As the summer is soon here, I’m starting to have more time for personal amusements. I’ve been wanting to do this post for quite a while, and I finally found time for it.

Today’s topic being: can I make an effective Boggle solver in Haskell?.

As with the previous post, the full code is available on GitLab, with pertinent snippets posted here with commentary.

Let’s go!

The basic idea of Boggle is to find words in some N×N grid; the scoring depends on the game, but can depend both on the count of the words and the length of the said words. In this post, I hope to show you the precise methods how I implemented a program that finds the words for me (and much more quickly than I ever can).

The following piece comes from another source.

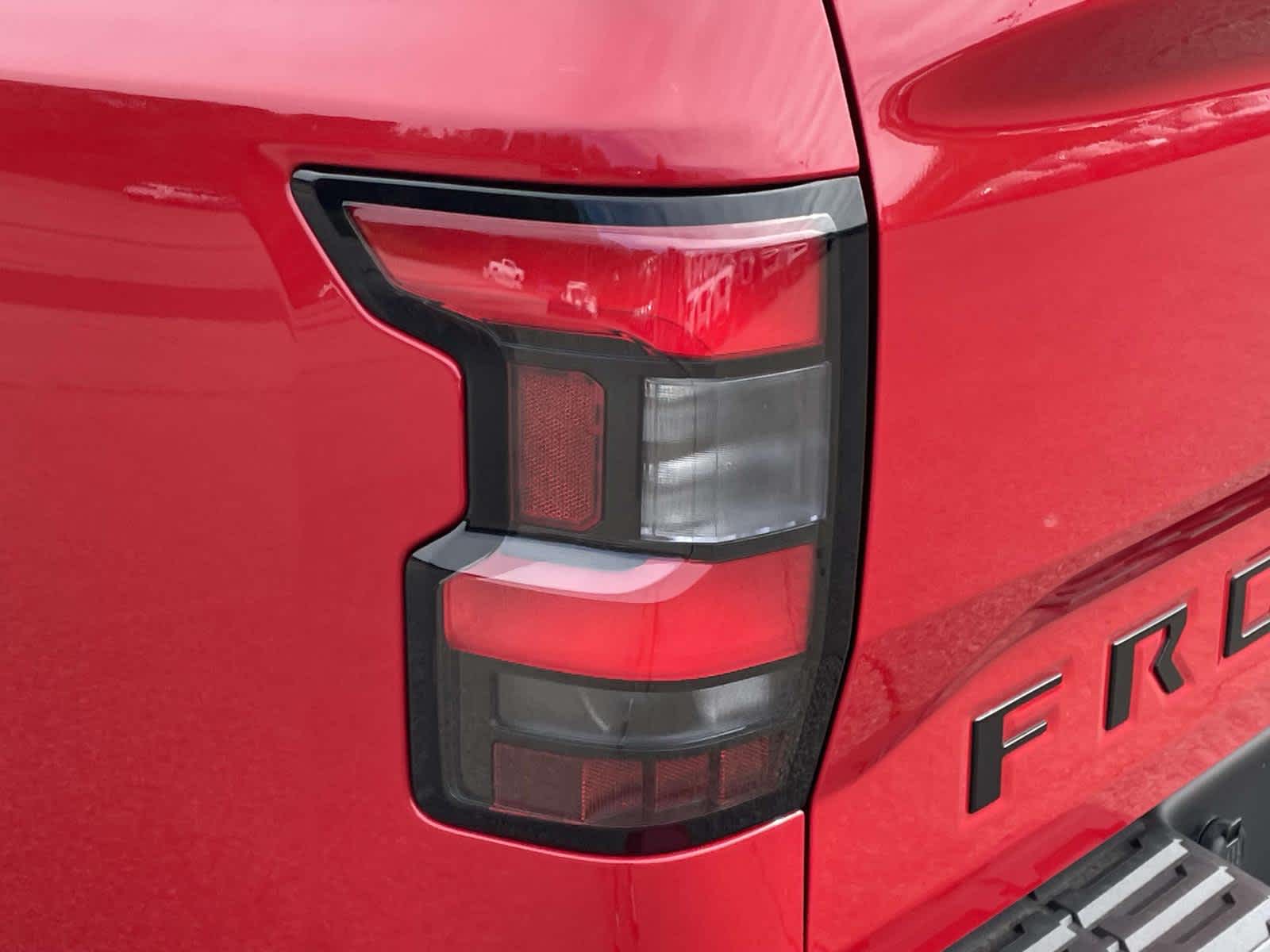 2026 Nissan Frontier Crew Cab SV photo 10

As stated before, this program is made in Haskell, using Haskell Stack more precisely. I will skip the details on the workings of Haskell Stack; if you are interested, you may want to look at the Haskellversi/Othello in Haskell series.

Words!

How to store the words?

Before we can search for words, we of course need a list of those said words. For that, we shall use a trie structure; each node of a tree defines one character, and the word is built up by traversing a path through the tree. In the example below, a sample structure with several Finnish words is shown.

Word trie

I decided to implement a relatively simple data structure for it:

data Node = Node {
    nodeChar :: Maybe Char,
    nextCharacters :: [Node],
    isCompleteWord :: Bool
} deriving (Eq, Show)

Loading the words

As displayed in the sample picture (rendered in all its prettiness with GraphViz) with the word palkka and koi, a node can be both a last character for some word, and also a parent node for several other nodes. That’s why we require a separate Bool flag for denoting that. More flexibility.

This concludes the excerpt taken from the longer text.